Fayyaz

Seeds of Peace Fellow, 2016

IMPACT: SOCIAL

Creating a peace incubator for students in Pakistan.

How have you impacted your community?

I am a development practitioner with eight years of experience in the nonprofit sector. I earned my Master’s degree in economics and M. Phil in international development through an International Development Research Centre-funded fellowship in governance, security, and justice. I am also an Atlas Corps (USA) Think Tank LINKS (Learning, Innovation, and Knowledge Sharing) Fellow. I am one of the Global Young Researchers selected by the Restless Development agency (UK) in 2015 and have previously worked as leading researcher for the Sustainable Development Policy Institute (Pakistan), the Atlantic Council (USA), and the Centre for Peace and Development Initiatives (Pakistan). I currently lead the Accountability Lab’s Pakistan chapter.

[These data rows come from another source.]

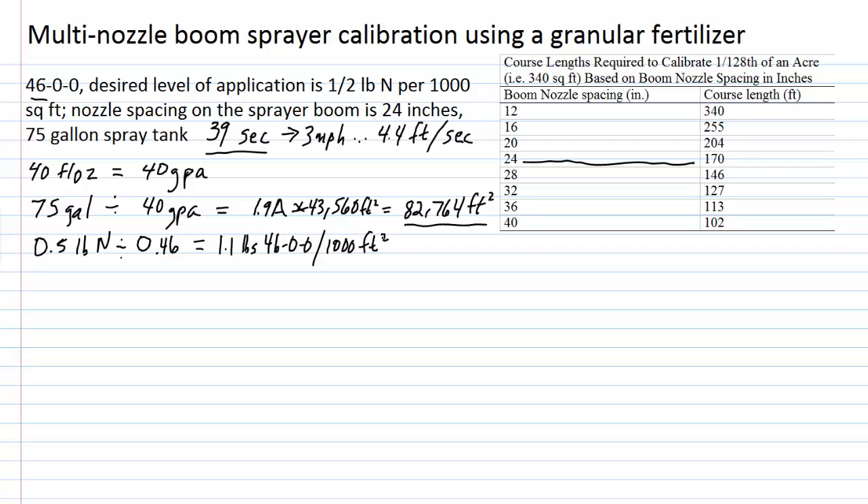Now we'll use proportions to determine how much fertilizer to put into the full 75-gallon spray tank. We know that 1.1 pounds of 46-0-0 is required per thousand square feet. We need to scale this up proportionally to cover what a full tank can treat — which we calculated to be 82,764 square feet. So we set up the proportion: 1.1 pounds per 1,000 square feet equals X pounds per 82,764 square feet.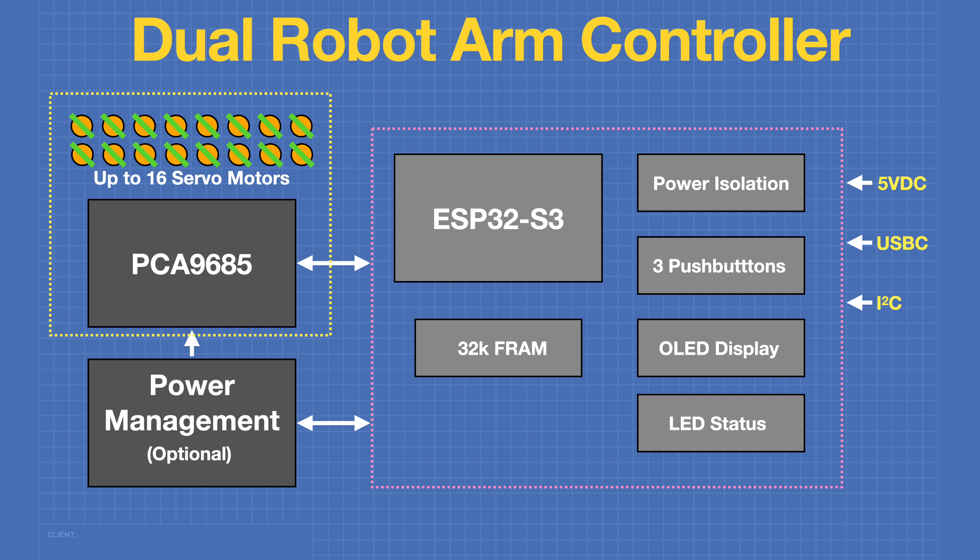Here's a block diagram of the dual robot arm controller, its optional power management board, and the PCA9685. The controller consists of an ESP32-S3 with 32K of FRAM memory, a power isolation circuit, three push buttons, an OLED, and an LED status indicator. Inputs to the board are 5V DC, a USB-C connector, and I2C. It connects to the PCA9685 PWM controller and can control up to 16 servo motors. There's an optional power management system I'm also designing to get around many of the limitations of the PCA9685 — if you're using it, the servos will connect to that instead of the PCA9685.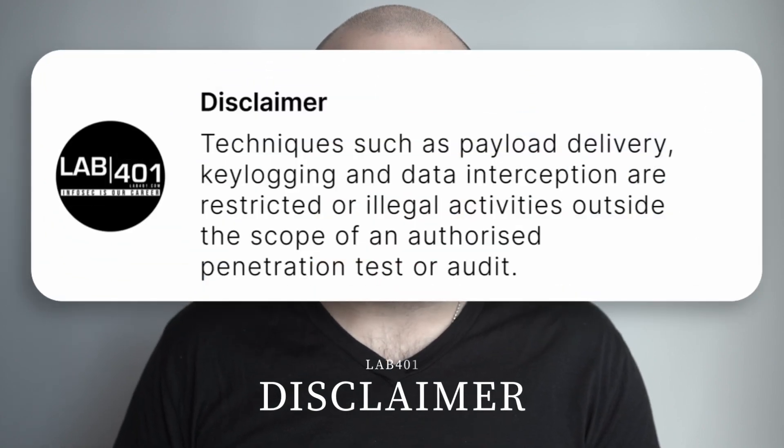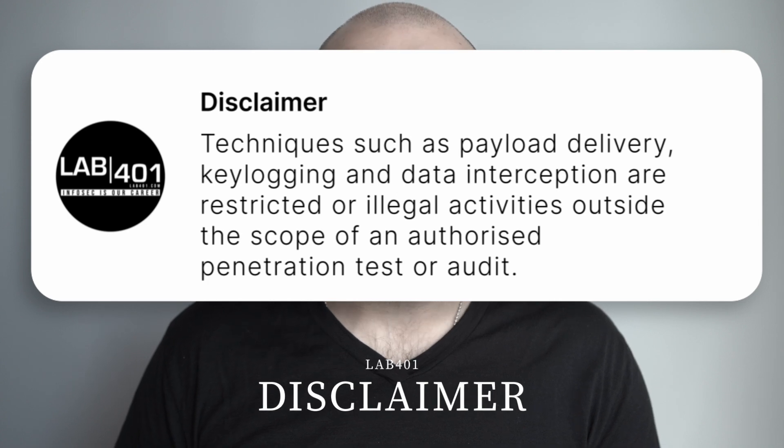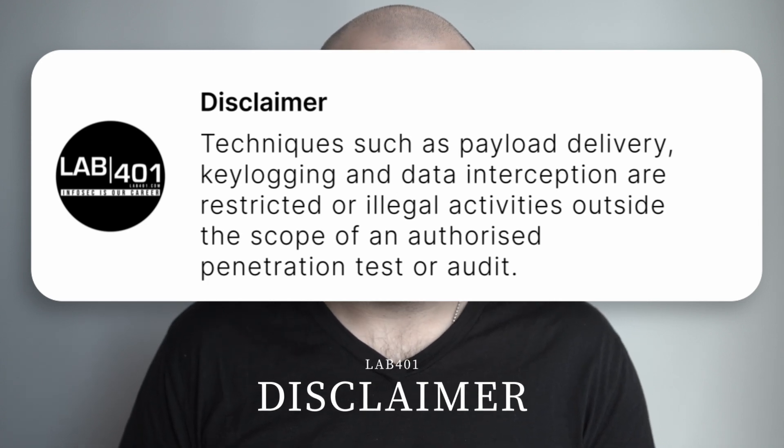Guys, remember, context is important. Lab4one's collaborators are professional pen testers. Techniques such as payload delivery, key logging, and data interception are restricted or illegal activities outside the scope of an authorized penetration test or audit. Only test against hardware you own, or in a professional context, when specifically and contractually authorized to do so.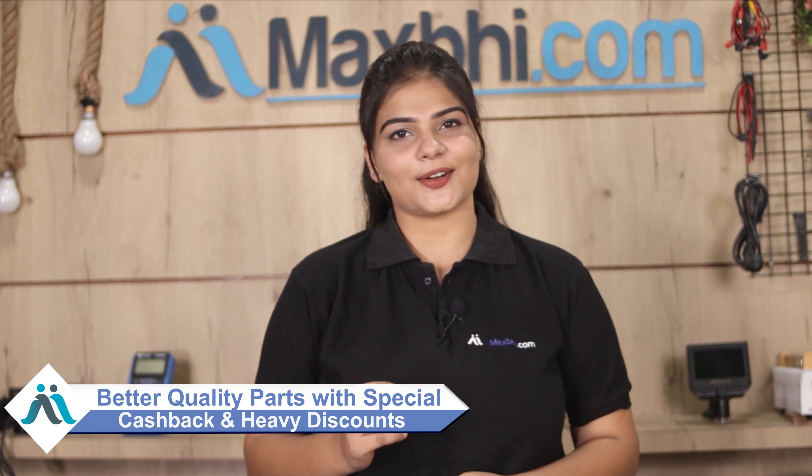Maxp.com has been serving customers for the past 6 years with daily orders. So don't wait — order now and get special cashback and heavy discounts.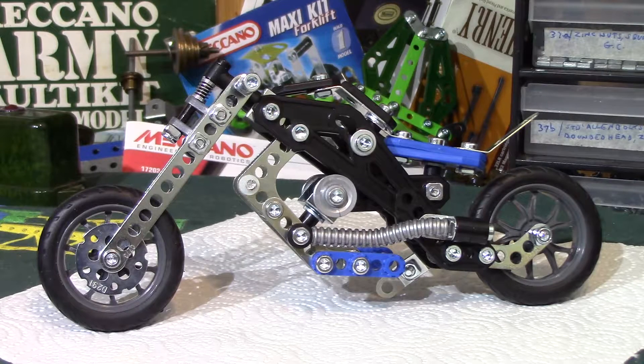Good evening everybody. This is the main model from the very latest Meccano Engineering and Robotics 5 model motorcycle set. This is the chopper bike, and if I recall correctly from quite a long time ago now, it's sort of in the style — at least the front end is — of the Harley Davidson Springer Softail.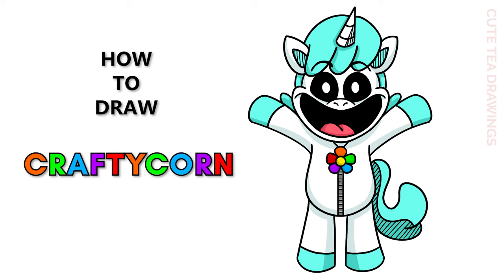Hey guys, welcome to Cute Tea Drawings. Today I'll be drawing Crafty Corn from Poppy Playtime. I'll be drawing on my tablet but you can also follow along on paper. Please remember to like and subscribe. Now let's get started.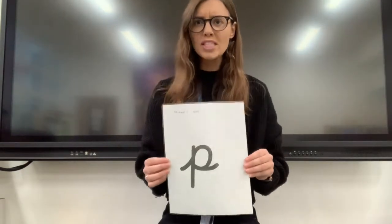Oh, it's not p. We don't say it like that. P. P. P. P. P. Fantastic.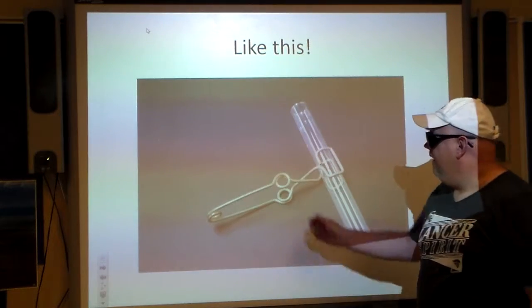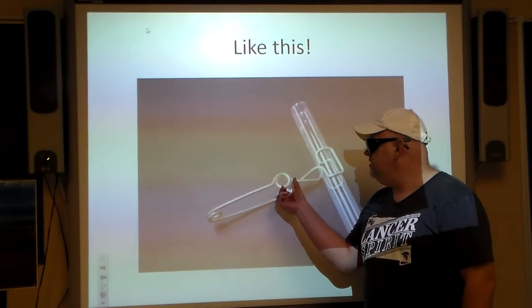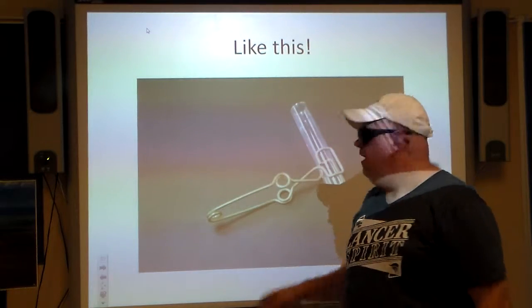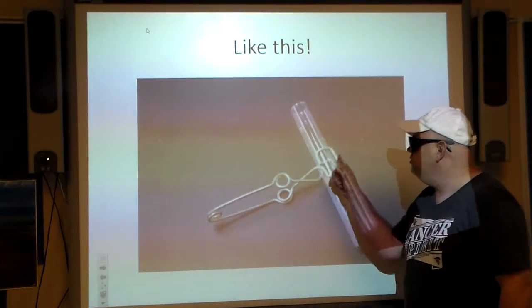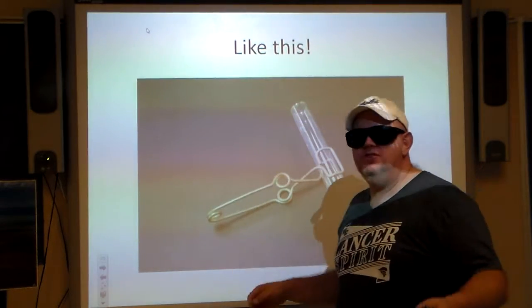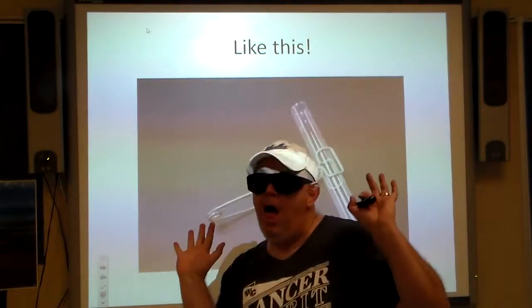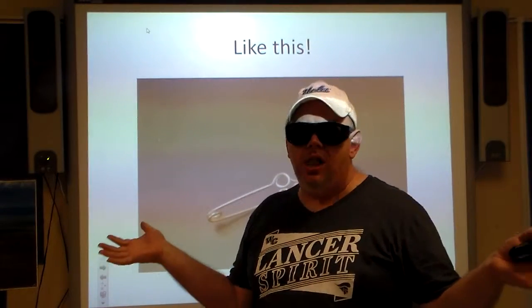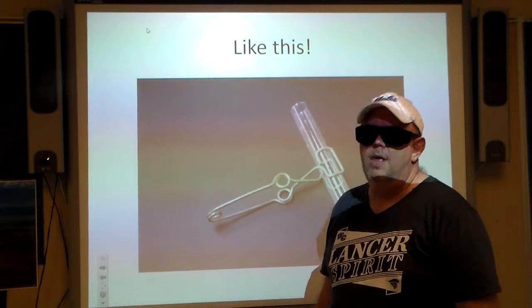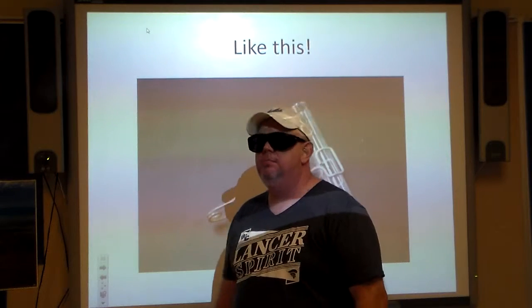Very important: if you sit there and try to squeeze the two parts of the test tube clamp as you're moving along, that is going to make it release the test tube. The test tube hits the floor — now you've got broken glass. We'll cover that in part two.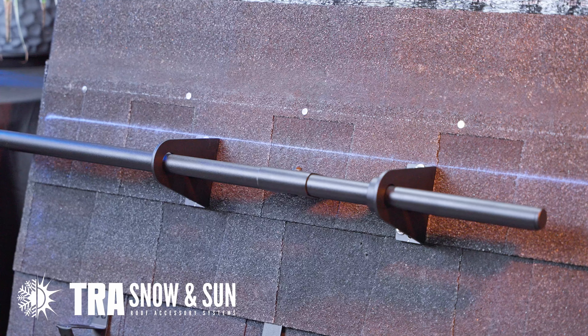Grab your drill with your 7/16 inch socket and also tighten to 15 foot-pounds. That concludes the install of a SnowBlocker II on asphalt shingles. If you have any questions, please consult TRA's engineered layout. Thank you.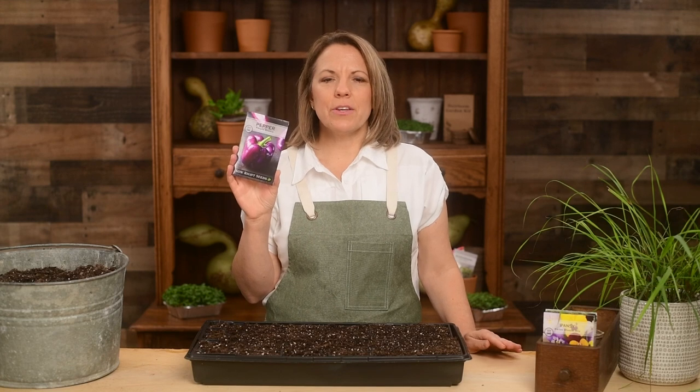With this variety you can expect nice-sized bell peppers on a compact plant only two feet tall. It's perfect for container gardening.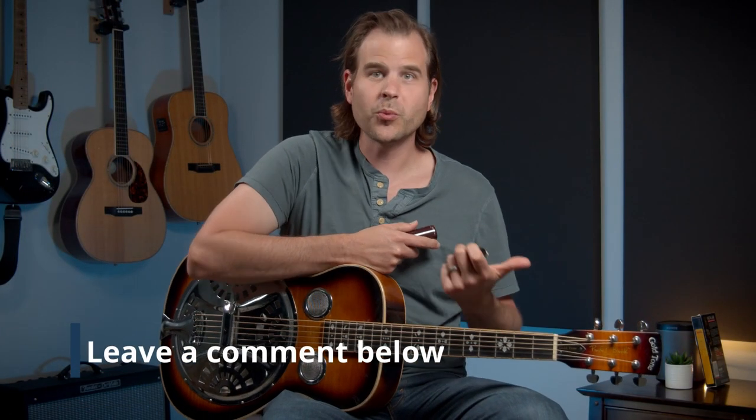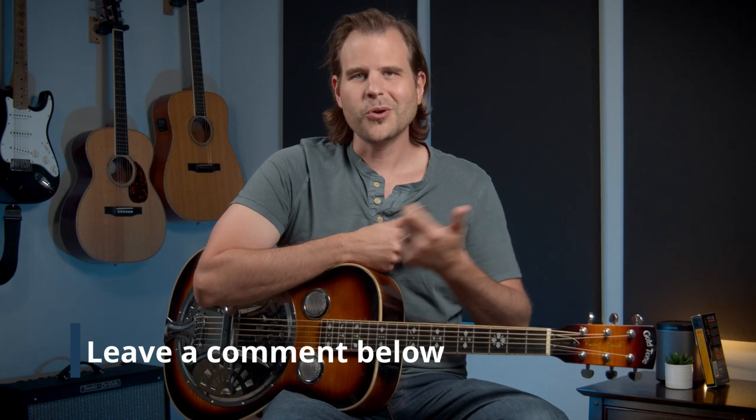All right. Before we move on, I want to hear from you. Which one did you prefer? Was there a particular tone that sounded better to you, or did it all sound pretty much the same?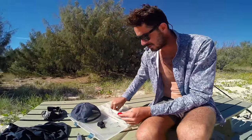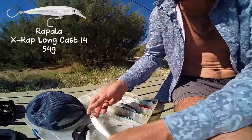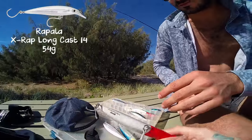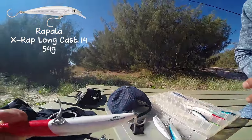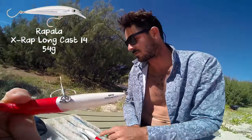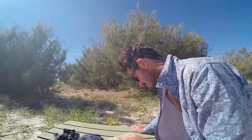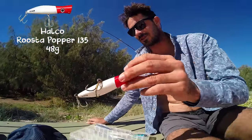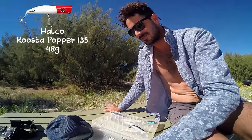I've got X-wraps in different colours — the Triple X long cast things. So far, hasn't had a touch on this trip, for some reason. I don't know why. Rooster popper I stole from Aaron. Haven't even thrown it yet, but I will. I'm going to try and hold onto it forever.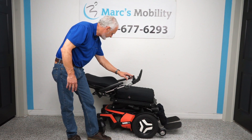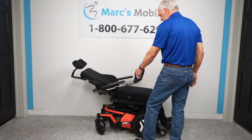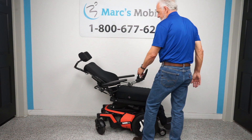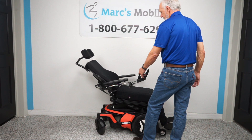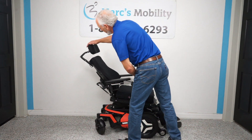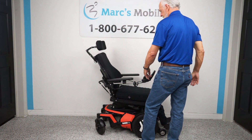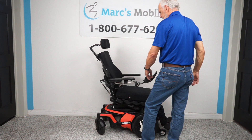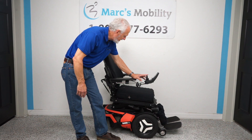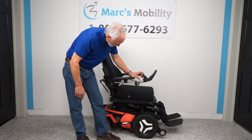Now I'm bringing the back back up — you can see the back coming back up. This chair also has an extra-large headrest. I'm going to bring the seat back to level so it looks normal.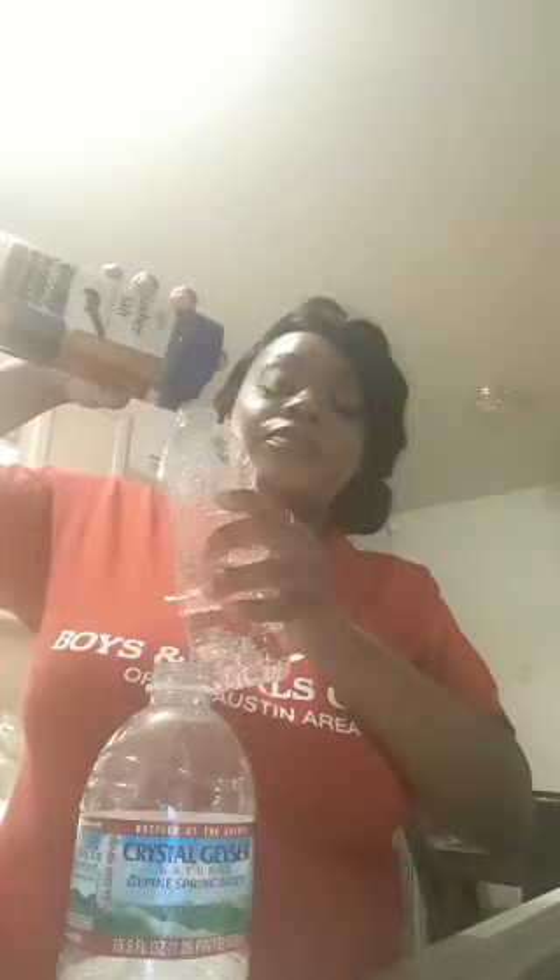The objective of this is to see if the ketchup packet will sink or float. The purpose of the salt is to keep the water clear and not cloudy as you go through the process of adding your water and the rest of your salt to your water bottle.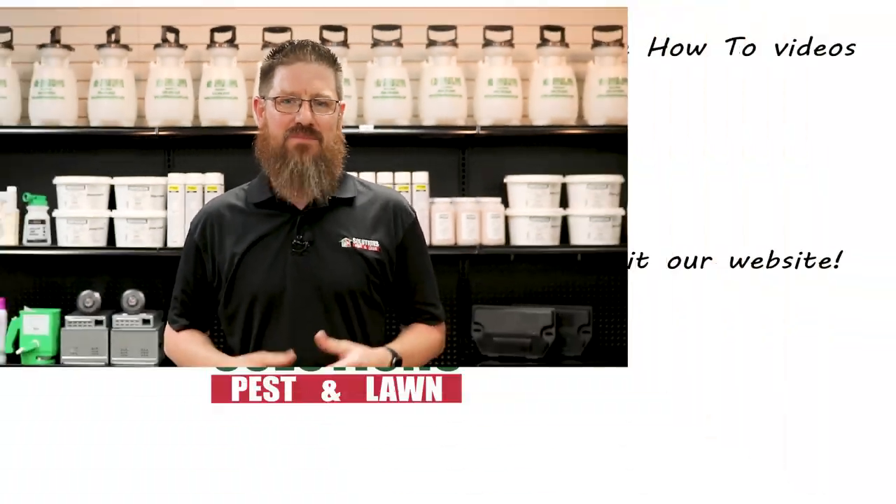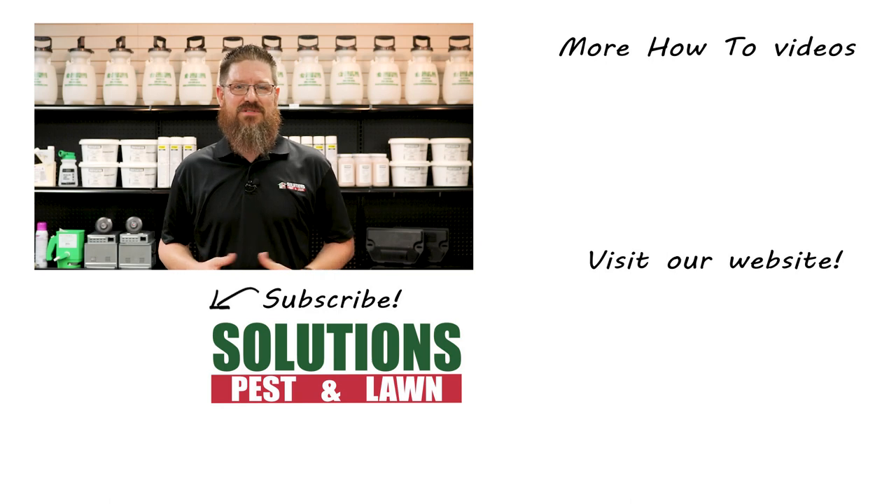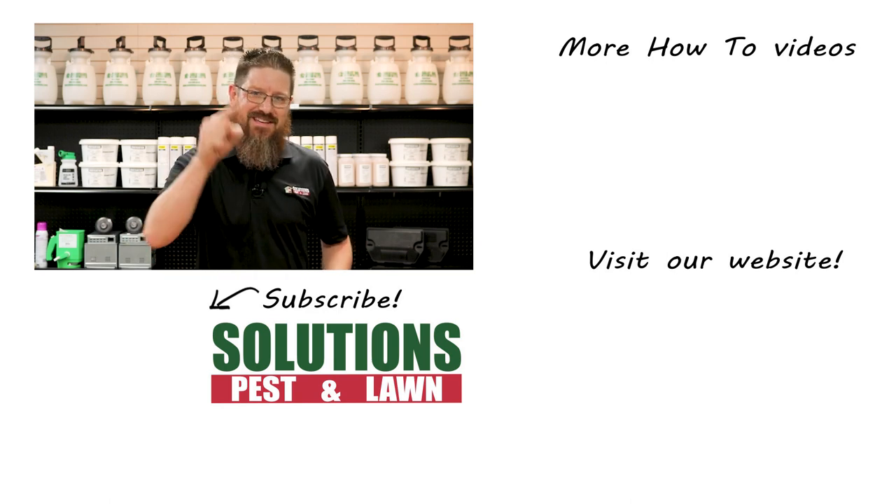I'm Jason with Solutions Pest and Lawn, and this is Pest Support. If you have any pest control questions you need answers to, or have any pest-related problems you need help with, stop by one of our stores, visit our website, or give us a call and get help today.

My GATHER Fellowship project is a peace incubator at a public university in the South Punjab, one of the most neglected and conflict-prone regions of Pakistan. Over the course of the Fellowship, I engaged over 200 students and faculty members at the university to be trained on innovation, ideas inception and implementation, project design, impact evaluation and networking for low-cost, simple and sustainable peace promotion and conflict mitigation ideas. I have helped collect impactful peace initiatives from around the world to inspire the students to develop their own projects. They can also develop altogether new peace ideas to work on. Around these ideas, students are free to take either individual or collective peace-actions. In doing so, the incubator provides them with the technical assistance, training, mentorship, networks, and seed-funding to test and scale up the most effective ideas.

At the completion of this pilot phase of intervention, we carried out a brief impact survey which suggested that almost 95 percent of the directly engaged students are now more tolerant towards religious and sectoral minorities, they are not judgmental about them, and would like to keep frequent interactions with them, around 100 percent said that they detest violence and to them violence has no justification in the collective societal and individual lives whatsoever.

“Working together with the GATHER Fellows and staff, I was able to improve the presentation of my idea and make it more relevant to the situation on the ground in South Punjab. The improvement in the presentation of the idea was one of the prime reasons why we were able to raise more funds for next round of the intervention.”